During these difficult years, David developed, at the age of 17, a more precise prosthesis allowing him to do his first push-ups with both arms.
And today, he proudly presents the fifth version of his prosthesis, the MK5, a robotic-looking Lego arm with blue bars acting as fingers that David activates with a movement of his stump, thanks to a system of motorized pulleys.
Used to living without his right forearm, David does not use it on a daily basis but he is aware that many people have an absolute need to wear a prosthesis which can cost thousands of euros for those of the latest generation. .
“Since making my first prosthesis, I realized that I had the power to help other people and when I saw myself in the mirror with two arms (thanks to the prosthesis), I thought that other people really need it, ”he says.
David then created his YouTube channel where he is called “Hand Solo”, a play on words based on the word Hand and referring to the character of Star Wars, Han Solo.
Thus, a few months ago, Zaure Bektemissova wrote to him because her 8-year-old son, Beknur, born without arms, cannot wear a conventional prosthesis.
“The prostheses are mostly large and heavy, which is not good for her spine,” explains this Kazakhe, who has been living in Strasbourg for two years where her husband is a diplomat at the Consulate General of Kazakhstan.
David then promises to try to build a prosthesis for Beknur.
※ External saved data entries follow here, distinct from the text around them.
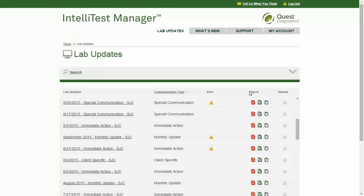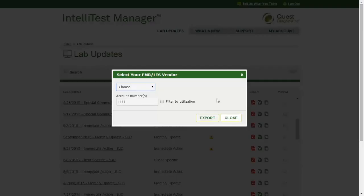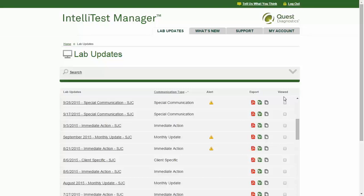Your options are to view the communication as a PDF or Excel file, or click the last icon to select your vendor-specific product and export an Excel file in the format specified by your EMR or LIS vendor, which may facilitate loading test updates into your system. The last column allows you to select a checkbox indicating that you have viewed the communication. If you check that box, it will automatically be unchecked if a revision is published, helping you quickly identify what to review when you log in.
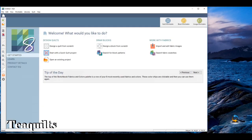Hi, it's Tea with Tea Quilts and I'm back with an EQ lesson. Last time we were working on quilt blocks and I just wanted to show you that you can also go into the library, pick a block, and then modify that block. I'm on the opening screen of EQ and I'm going to open an existing project because I'm keeping all of these lessons in one place. I click that and my machine is already running slow.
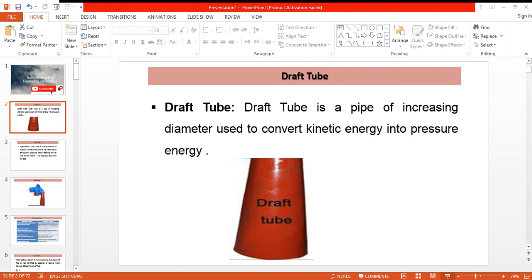The draft tube is used in reaction turbines where we want to ensure that the water attains atmospheric pressure before it comes out of the turbine at the tail race end, and this helps us in ensuring that the turbine is placed well above the tail race.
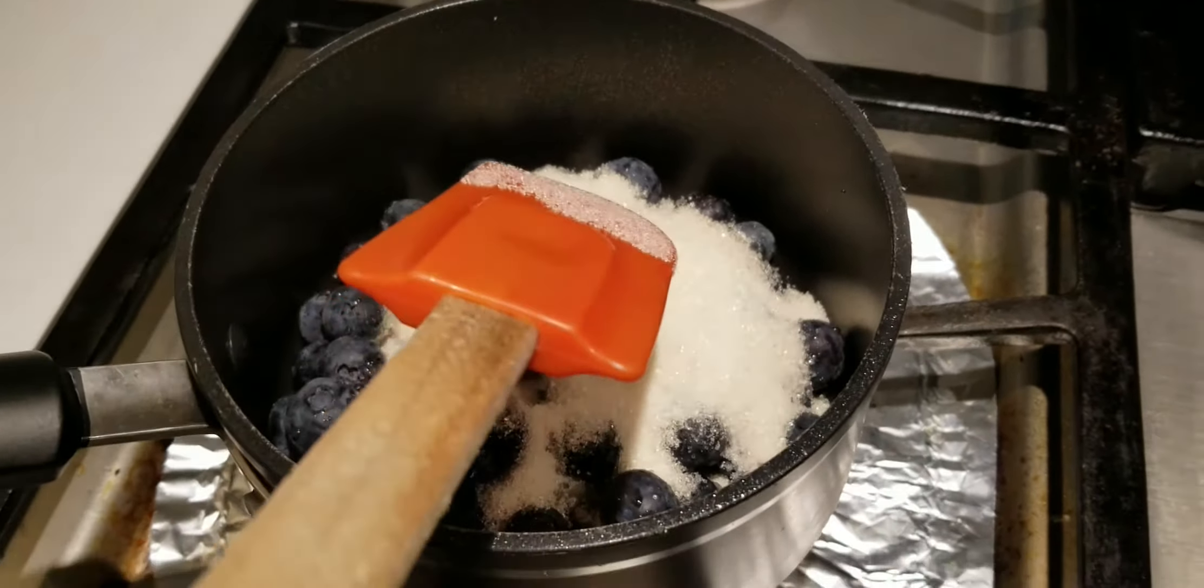This has been simmering for a couple minutes now and we'll start mixing the sugar in.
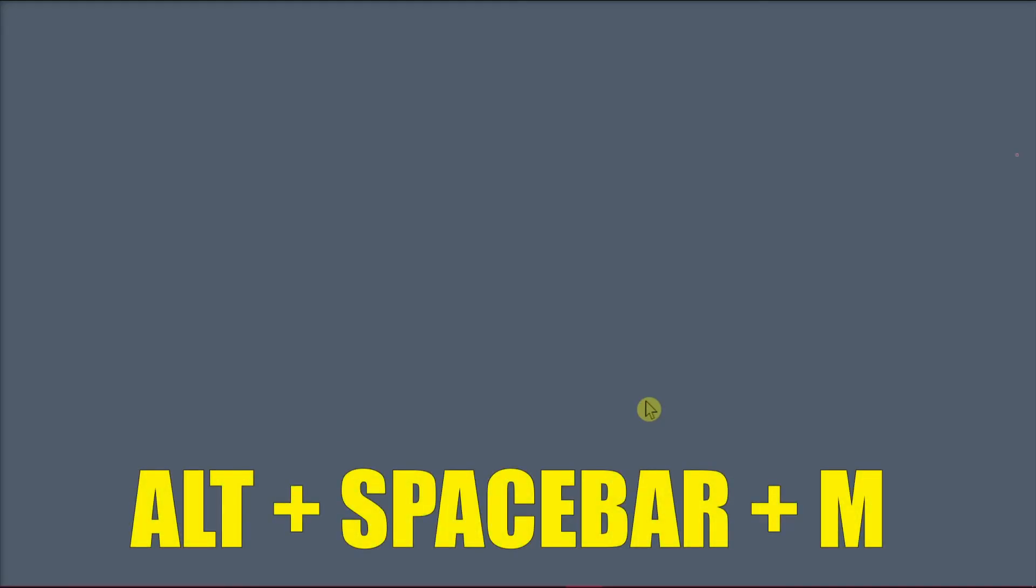Next, what you want to do is press the Alt key, the spacebar, and the letter M on your keyboard all together.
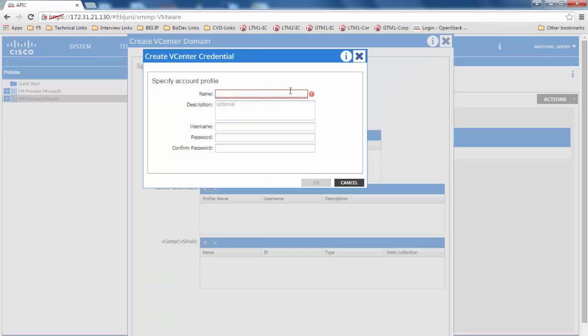Here you would provide the vCenter credentials. The name can be any arbitrary name. The username and password would be those used to log into vCenter.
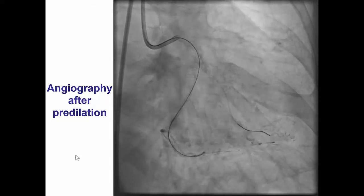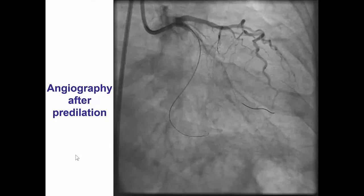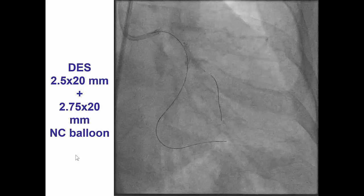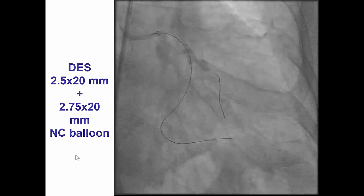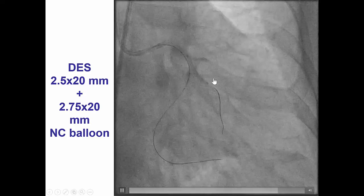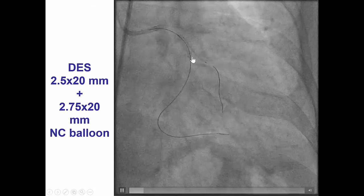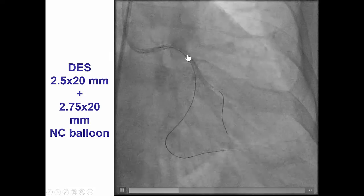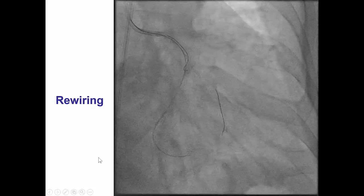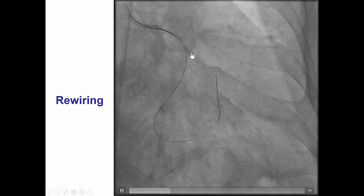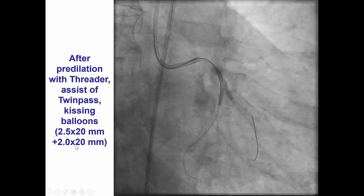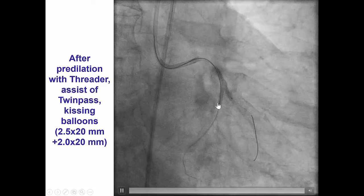At this point, we thought that we had distal true lumen entry into both branches, and given that both branches were large, our plan was to perform a two-stent technique with a DK crush. A 2.5 by 20 millimeter stent was placed into the first obtuse marginal, and then was crushed with a 2.75 non-compliant balloon. The OM was successfully rewired with another wire, followed by kissing balloon inflation.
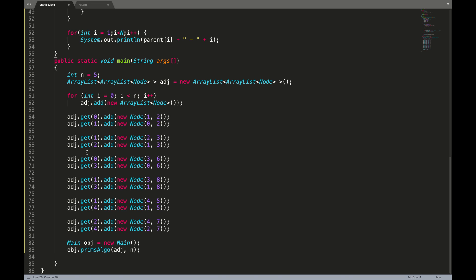In this video we will be discussing the Java code implementation of Prim's algorithm that we have already discussed in the previous video.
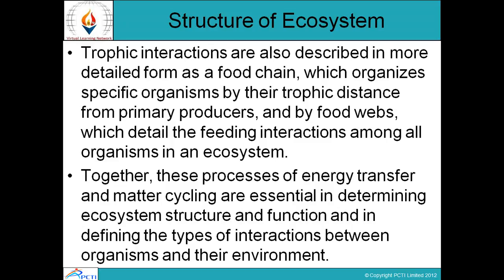Trophic interactions in a food chain are well explained — a food chain operates with specific organisms organized by their trophic distance from primary producers. Food webs detail the feeding interactions among all organisms in an ecosystem. Together, these processes of energy transfer and matter cycling are essential in determining ecosystem structure and function and in defining the types of interactions between organisms and their environment.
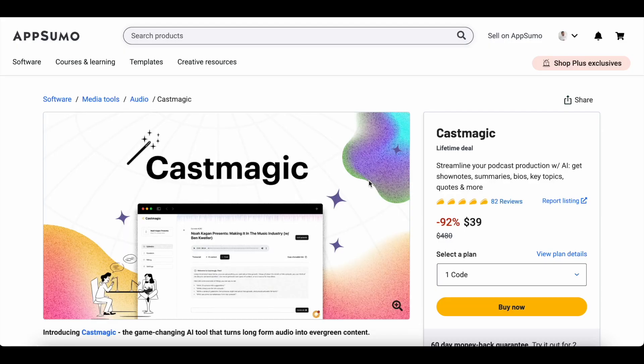Hey everyone, this is Sandeep Malia here from 99signals.com and I'm back with another AppSumo deal review. In this video I'll be doing a review and demo of an AI tool called Cast Magic. I've been using this tool to streamline my podcast production for the past one month or so and I'm really impressed with the features. It really helps me create show notes, transcripts, and social media content for my podcast.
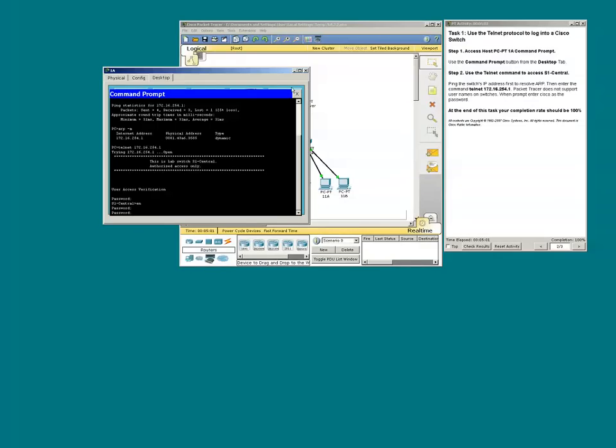We've pretty much completed page 2. On to page 3.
And at the end of August, the little boy and his mother went to Andorra to try this light prosthesis ending in a clamp that Beknur controls thanks to a rope connected to his left foot.
“Now I can catch things, which I couldn’t do before,” rejoiced Beknur, now able to throw a ball at his brother or take a small computer.
Some Lego pieces that changed his life. “He has more confidence in himself,” said Zaure, with a big smile.
In David’s mind, projects are flowing. “If I did it for Beknur, why not for a boy or a girl who is missing a leg?”